前歯があたる大切さ
2025年10月19日
千葉県市原市八幡宿駅前歯科医院、フローラデンタルクリニックの院長ブログです。
不定期ながら歯科医療、歯科治療について投稿しております。
皆様のご参考になれば幸いです。
咬み合わせを考慮した歯科治療において、何よりも最重要なことは、全ての歯が上下噛んでいる。
全ての上下の歯が、咬み合っていることです。
奥歯しかあたってないのならば、本来、28本の歯で負担を軽減しているものが、12本、8本の歯で負担しているのですから長期の予後を考えれば、奥歯を失う可能性が高いのも当然です。
多くの方々に見られるのは、前歯が噛んでいない、当たっていない開咬と言われる咬み合わせです。
原因は様々です。
歯の生え変わりの時期における、口呼吸、舌癖、
遺伝的なものもあります。
咬み合わせを考慮する治療において
特に前歯が、咬み合っていることは大切です。
前歯は、単に物を噛み切るだけの働きではありません。
見た目はもちろん、発音に関わります。
滑舌が、わかりやすい例です。
前歯が当たっていることにより、舌の位置が良くなり、口呼吸ではなく、鼻での呼吸を無理なく可能にします。
そして、姿勢、歩き方にも影響を与えます。
前歯は、鋭敏な感覚受容器でもあります。
上下の前歯が当たることなより、過剰な食いしばり、歯ぎしりを、生理的範囲内の食いしばり、歯ぎしりとしてくれます。
奥歯の過剰な負担を軽減するのです。
歯ぎしり、食いしばりが強いからの理由で、安易な筋弛緩薬、簡易的なマウスピースでは改善できるものではありません。
実際、開咬を改善する治療は、難易度が高いのです。
永久歯が生え揃った時点から、前歯が当たっていないので、当人は問題と捉えていません。

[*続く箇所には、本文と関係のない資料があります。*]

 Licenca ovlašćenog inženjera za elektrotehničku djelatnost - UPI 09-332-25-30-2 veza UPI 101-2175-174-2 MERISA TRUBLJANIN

歯の並びも綺麗な場合も多く、単に前歯が当たっていないだけで、あえて改善しようと思えません。
骨格性の開咬で、外科処置が必要な場合なら、なおさら現状のままでいようと思うのも無理もありません。
身体の対応能力の凄さは、幼少期からの開咬は、顎関節、筋肉、舌が対応し、ある程度生活に困らないように維持してくれています。
そのため、年齢を重ね、奥歯が無くなった時、治療の難しさを知ることになります。
1番、今、問題としているのは、矯正治療、歯科治療において開咬を人為的に作ってしまうことです。

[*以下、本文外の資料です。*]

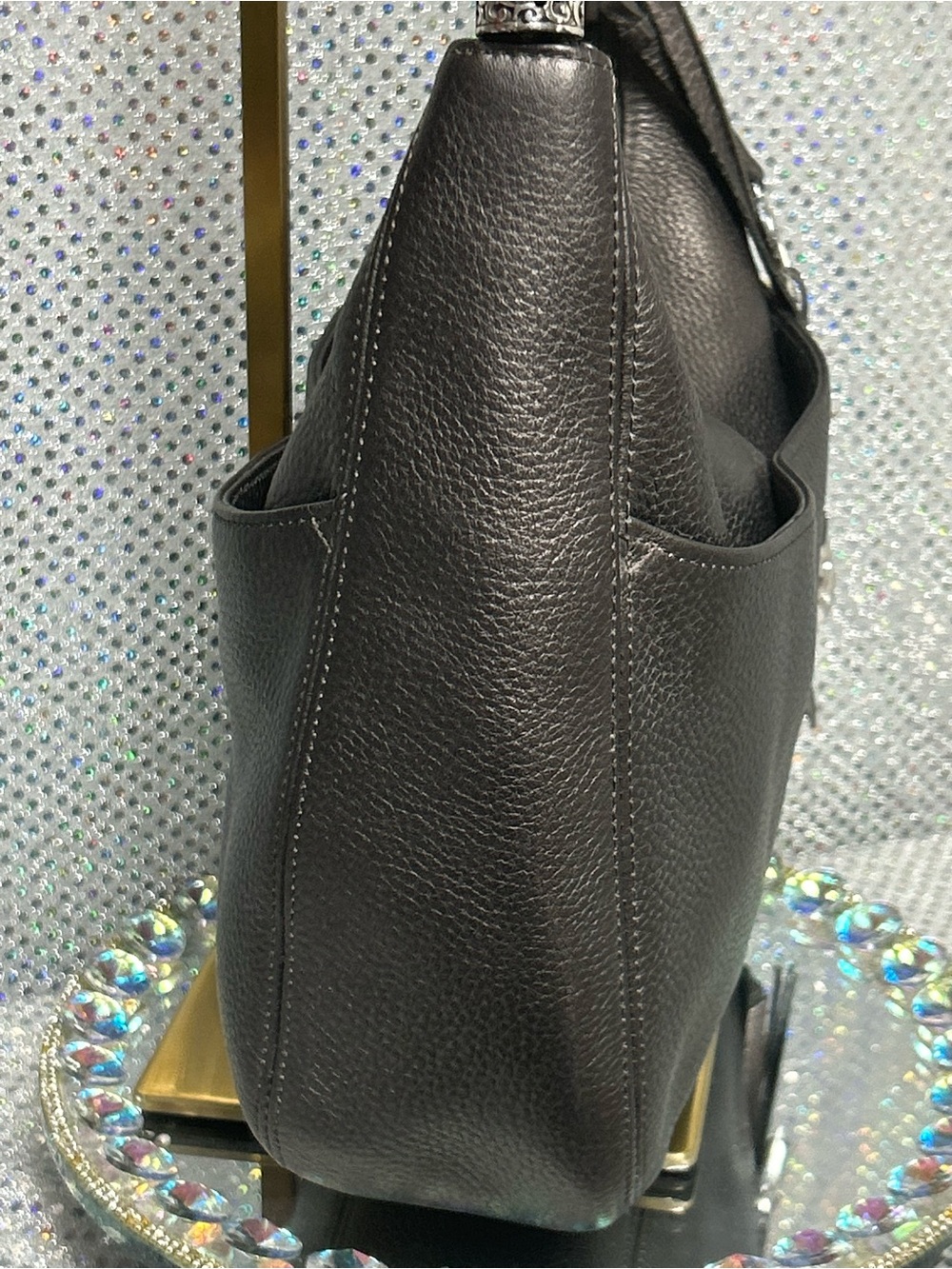 Brighton Black Leather Shoulder Bag with Heart Charms - Picture 3 of 16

歯並びが悪いなりに全ての歯が噛んでいたものを、歯並びがよくなることで前歯が当たらなくなってしまったものです。
人為的に作られた開咬は、恐ろしく奥歯に過剰な負担をかけます。
以前は、前歯が噛んでいたのですから当然です。
また、開咬の方の治療は慎重に行う必要性があります。
奥歯しかあたってないので、奥歯の咬み合わせを失えば基準がなくなってしまうのです。
人為的に与えた基準は、患者さんに不快感、再治療の繰り返しとなります。
写真の患者さんは、矯正治療により重度の開咬となったケースです。
重度の開咬のため、本来ならば外科処置が必要なものです。
しかし、もう矯正治療を以前行なってできたものです。
結果的に、被せる、貼り付けるという、補綴処置となりましたが、リカバリーすることができました。
咬み合わせ、とても大切なことなのです。